Web data extraction, applications and techniques: A survey

doi:10.1016/j.knosys.2014.07.007

Knowledge-Based Systems

Volume 70, November 2014, Pages 301-323

https://doi.org/10.1016/j.knosys.2014.07.007 Get rights and content

Abstract

Web Data Extraction is an important problem that has been studied by means of different scientific tools and in a broad range of applications. Many approaches to extracting data from the Web have been designed to solve specific problems and operate in ad-hoc domains. Other approaches, instead, heavily reuse techniques and algorithms developed in the field of Information Extraction.

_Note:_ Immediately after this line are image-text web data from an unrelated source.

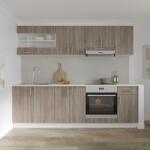 haaus Set Bucatarie Karo V15, Stejar Sonoma Inchis/Alb, Blat Thermo 28 mm, L 240 cm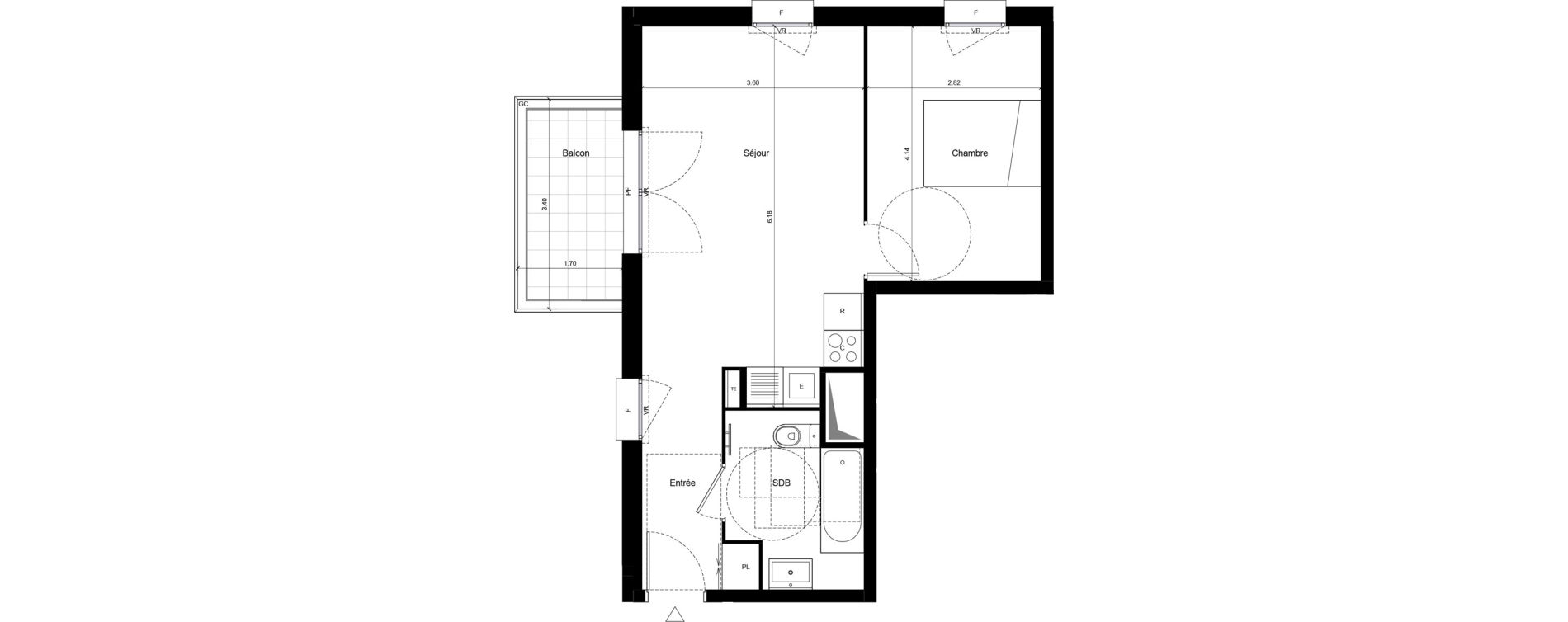 Appartement T2 de 43,11 m2 &agrave; Louviers Saint-germain - les acacias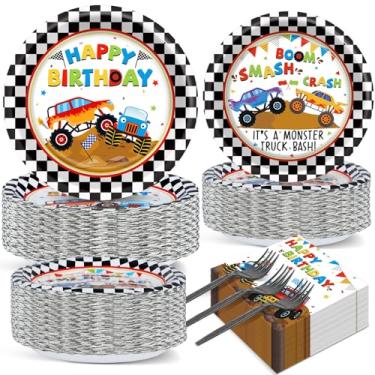 Imagem de 200 peças de artigos de festa Monster Truck, pratos e guardanapos para carro, festa de aniversário, utensílios de mesa, decoração para crianças, meninos, preto e branco, material de aniversário, serve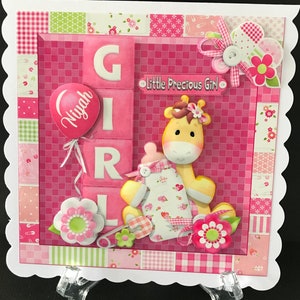 Baby Girl Handmade 3D Card Baby Cards CAN BE PERSONALISED
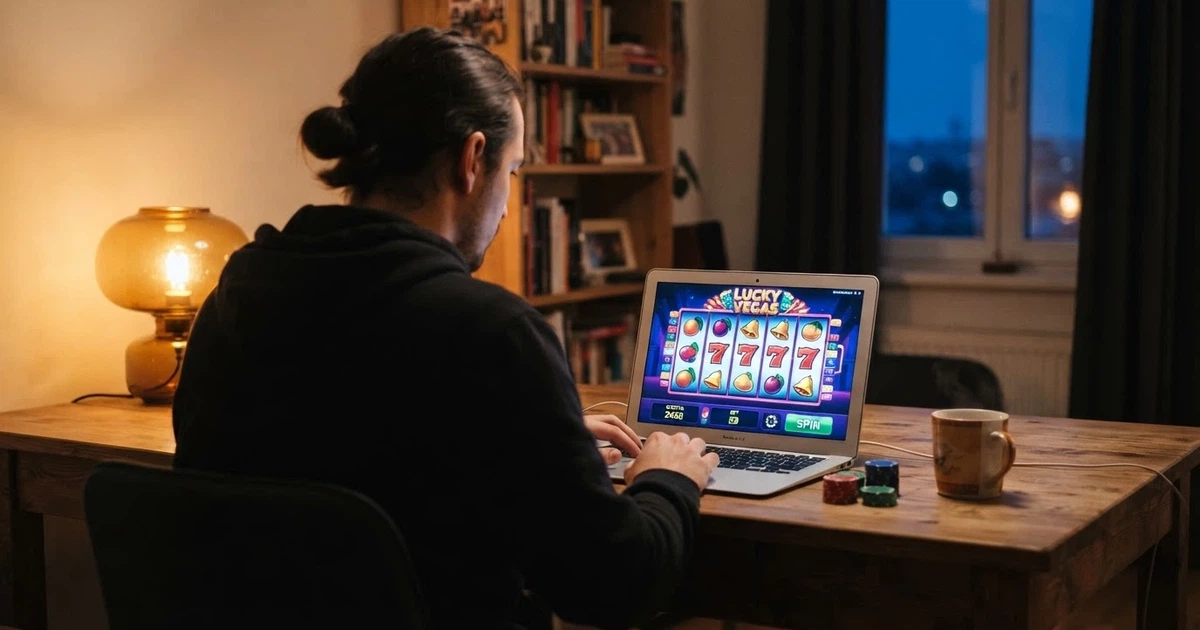 Hráč u notebooku vybírá zahraniční online casino s bonusem za registraci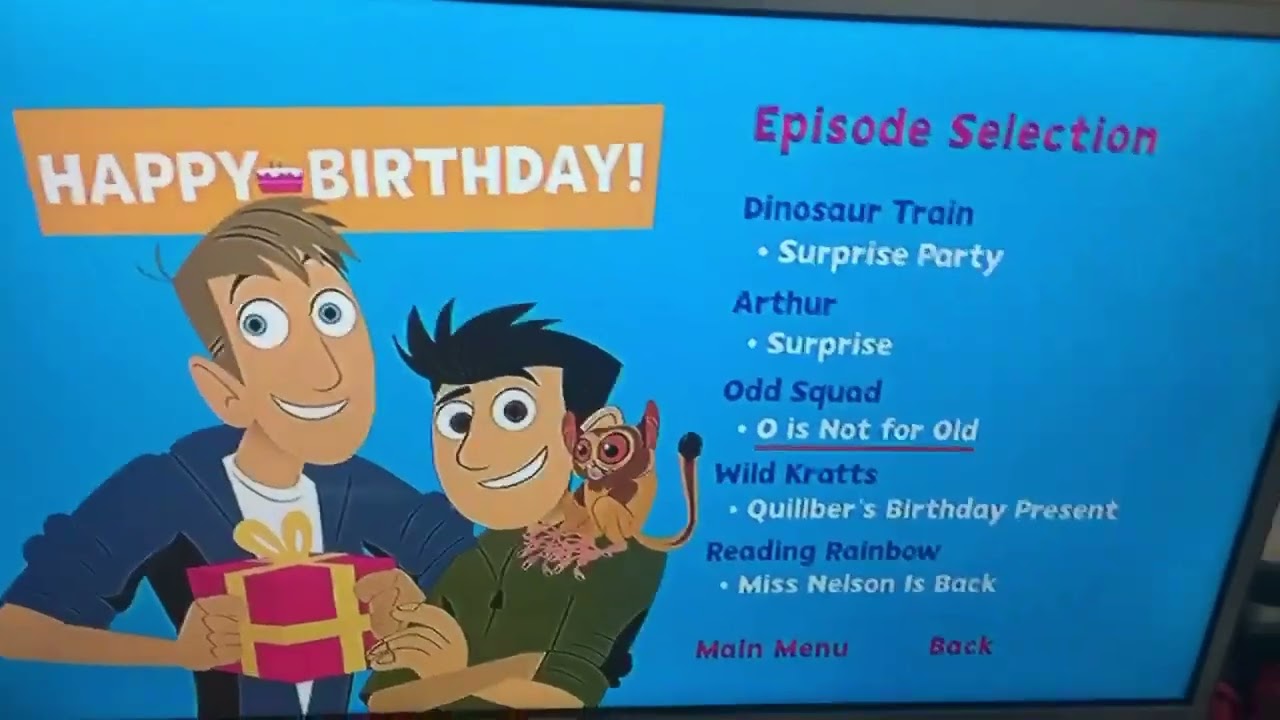 PBS Kids Ryan T Happy Birthday Menu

This survey aims at providing a structured and comprehensive overview of the literature in the field of Web Data Extraction. We provided a simple classification framework in which existing Web Data Extraction applications are grouped into two main classes, namely applications at the Enterprise level and at the Social Web level. At the Enterprise level, Web Data Extraction techniques emerge as a key tool to perform data analysis in Business and Competitive Intelligence systems as well as for business process re-engineering. At the Social Web level, Web Data Extraction techniques allow to gather a large amount of structured data continuously generated and disseminated by Web 2.0, Social Media and Online Social Network users and this offers unprecedented opportunities to analyze human behavior at a very large scale. We discuss also the potential of cross-fertilization, i.e., on the possibility of re-using Web Data Extraction techniques originally designed to work in a given domain, in other domains.

Introduction

Web Data Extraction systems are a broad class of software applications targeting at extracting data from Web sources [81], [11]. A Web Data Extraction system usually interacts with a Web source and extracts data stored in it: for instance, if the source is an HTML Web page, the extracted content could consist of elements in the page as well as the full-text of the page itself. Eventually, extracted data might be post-processed, converted in the most convenient structured format and stored for further usage [130], [63].

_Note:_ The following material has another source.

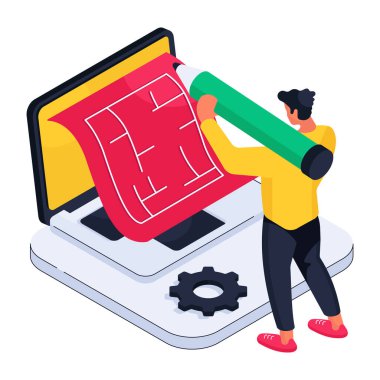 Mimari Tasarımın izometrik tasarımı 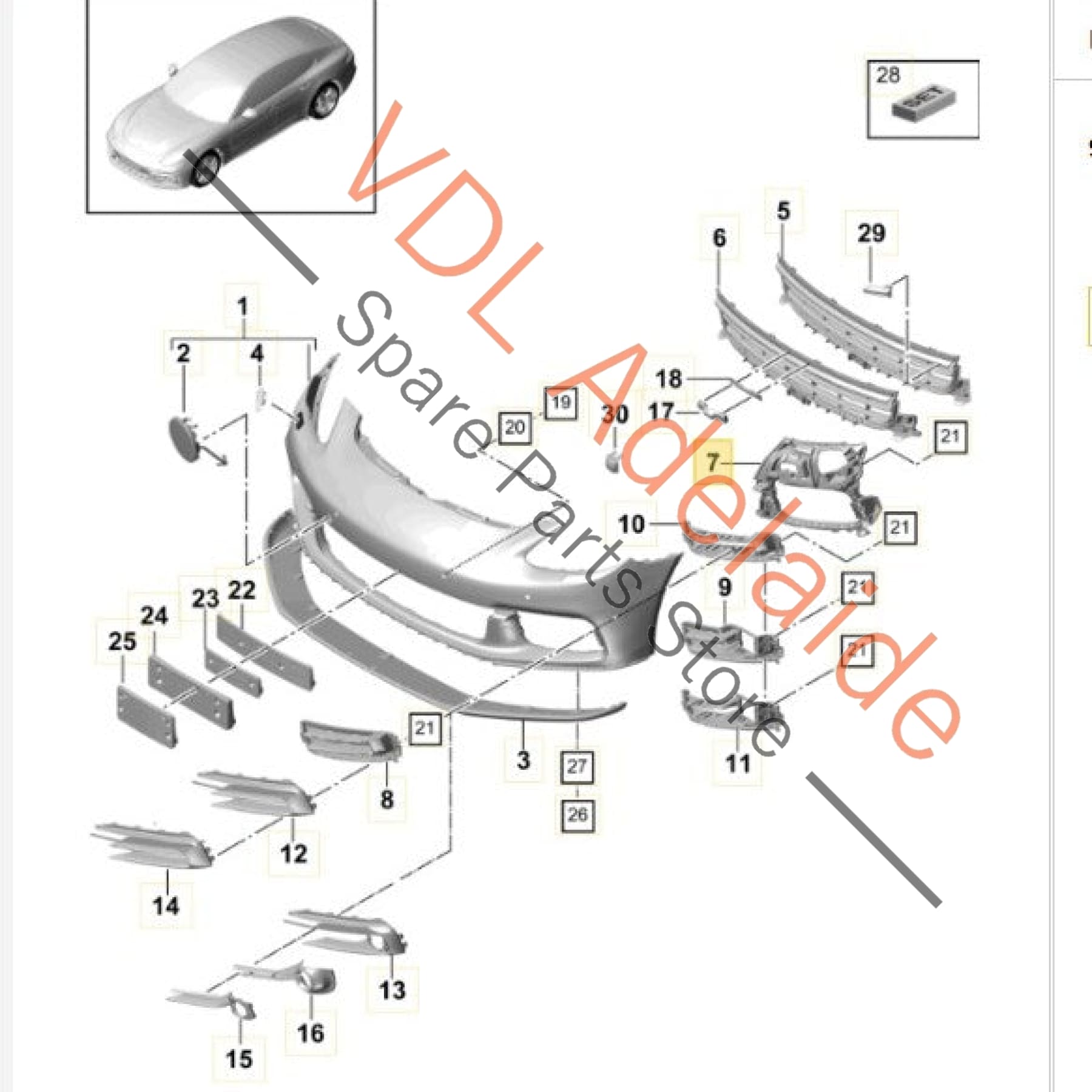 971807682   Porsche Panamera 971 Front Bumper Right Side Bracket for Grille 971807682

Web Data Extraction systems find extensive use in a wide range of applications including the analysis of text-based documents available to a company (like e-mails, support forums, technical and legal documentation, and so on), Business and Competitive Intelligence [9], crawling of Social Web platforms [17], [52], Bio-Informatics [99] and so on. The importance of Web Data Extraction systems depends on the fact that a large (and steadily growing) amount of data is continuously produced, shared and consumed online: Web Data Extraction systems allow to efficiently collect these data with limited human effort. The availability and analysis of collected data is an indefeasible requirement to understand complex social, scientific and economic phenomena which generate the data. For example, collecting digital traces produced by users of Social Web platforms like Facebook, YouTube or Flickr is the key step to understand, model and predict human behavior [68], [94], [3].

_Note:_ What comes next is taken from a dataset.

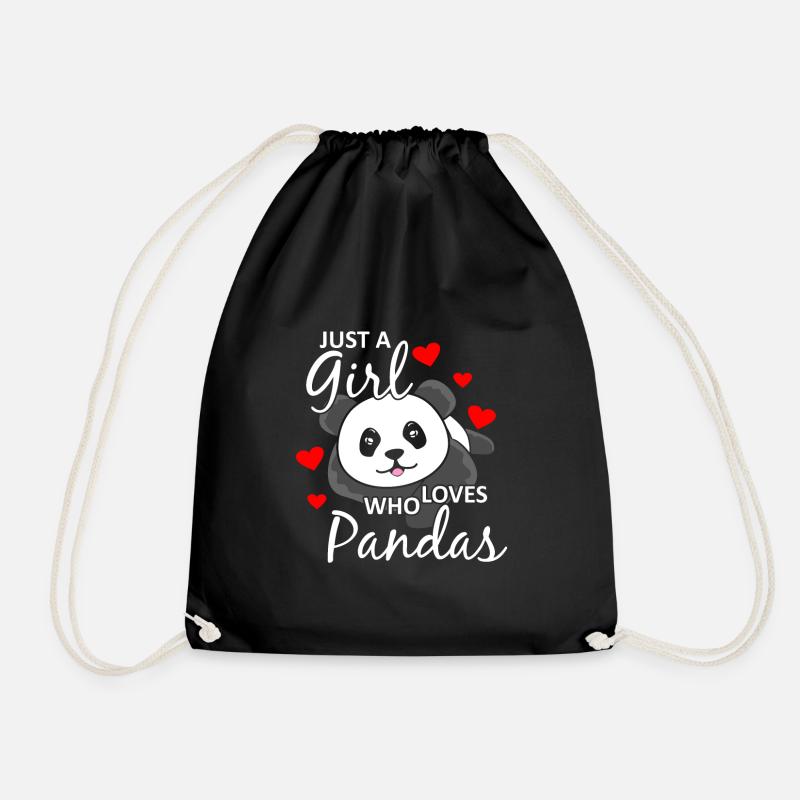Panda - Turnbeutel - Schwarz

In the commercial field, the Web provides a wealth of public domain information. A company can probe the Web to acquire and analyze information about the activity of its competitors. This process is known as Competitive Intelligence [22], [125] and it is crucial to quickly identify the opportunities provided by the market, to anticipate the decisions of the competitors as well as to learn from their faults and successes.

The design and implementation of Web Data Extraction systems has been discussed from different perspectives and it leverages on scientific methods coming from various disciplines including Machine Learning, Logic and Natural Language Processing.

In the design of a Web Data Extraction system, many factors must be taken into account; some of them are independent of the specific application domain in which we plan to perform Web Data Extraction. Other factors, instead, heavily depend on the particular features of the application domain: as a consequence, some technological solutions which appear to be effective in some application contexts are not suitable in others.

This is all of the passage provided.